A simple approach to solve this question would be to use a stack to manage what parentheses we need to look out for.

The image of our solution is like this. If we see any of the opening parantheses, we can add it to pool. When we see a closing parantheses, we can check whether the post recent item in pool is a matching pair. If it is, bingo! We have a valid pair and we take out (or also known as pop) the most recent item in pool. If it isn't, we can return False straight away since that's an invalid parentheses.

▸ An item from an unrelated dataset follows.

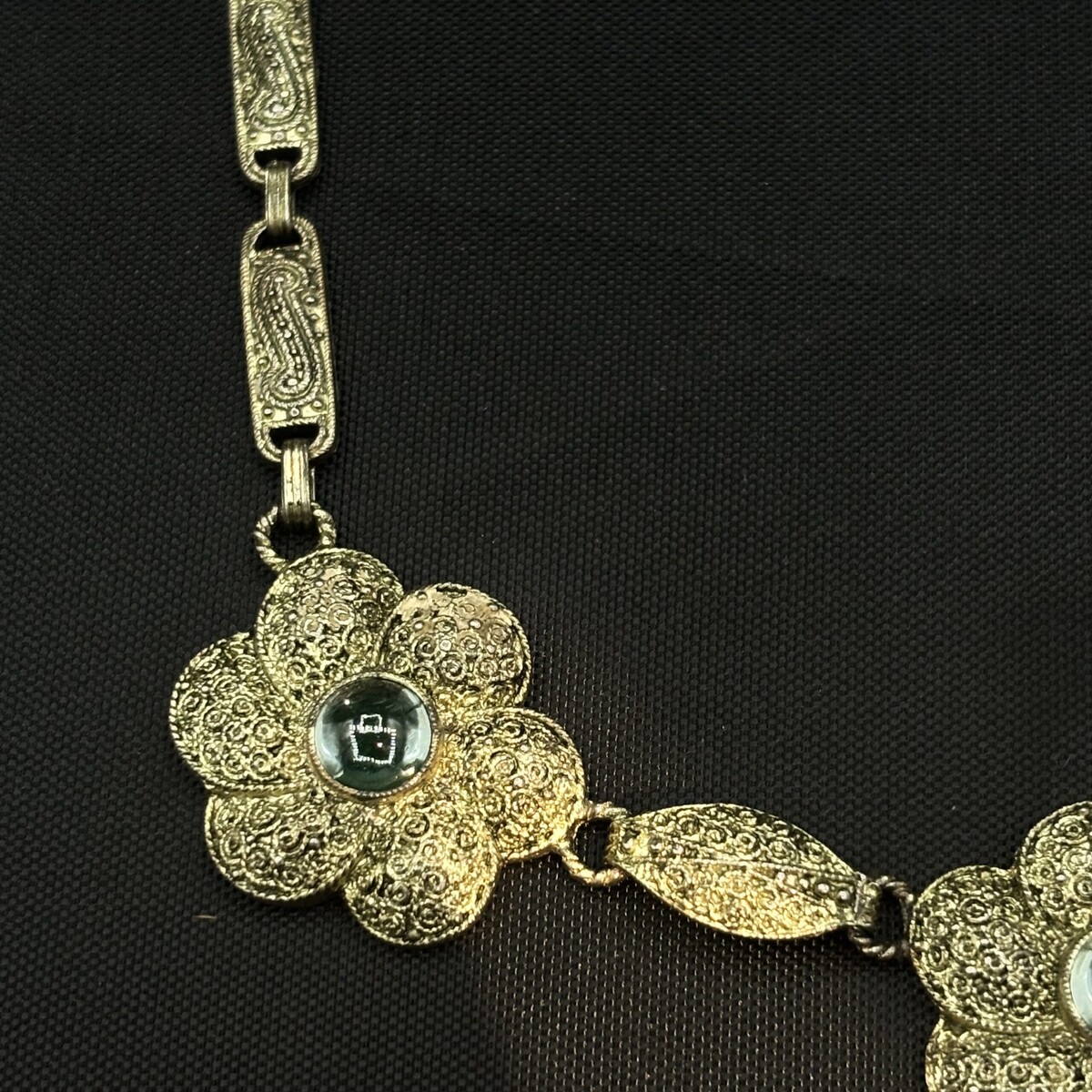 Theodor Fahrner necklace in .925 vermeil and glass cabochon, sky blue, 40 cm, signed Austria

Then there are some expceptions that we need to check. If the pool is empty but we have a closing parentheses, then that's invalid too. Also, if the pool isn't empty by the time we've went through all the characters in s, that's invalid as well. So with those checks included with everything else, that should give a solid solution to this question.

Solution

def isValid(self, s: str) -> bool:
    pool = []
    closed = {")":"(","}":"{","]":"["}
    for char in s:
        if char in closed:
            if not pool or pool[-1] != closed[char]:
                return False
            pool.pop()
        else:
            pool.append(char)
    return len(pool) == 0

Time complexity

With this solution, we're looking at a time complexity of O(n) because we make use of a for-loop to run a simple check with pool.

Space complexity

As for the space complexity, we're look at a constant O(n) since we have a pool that will hold n/2 characters IF s has valid parentheses. This dominates over the variables opened and closed because they hold information on the patterns.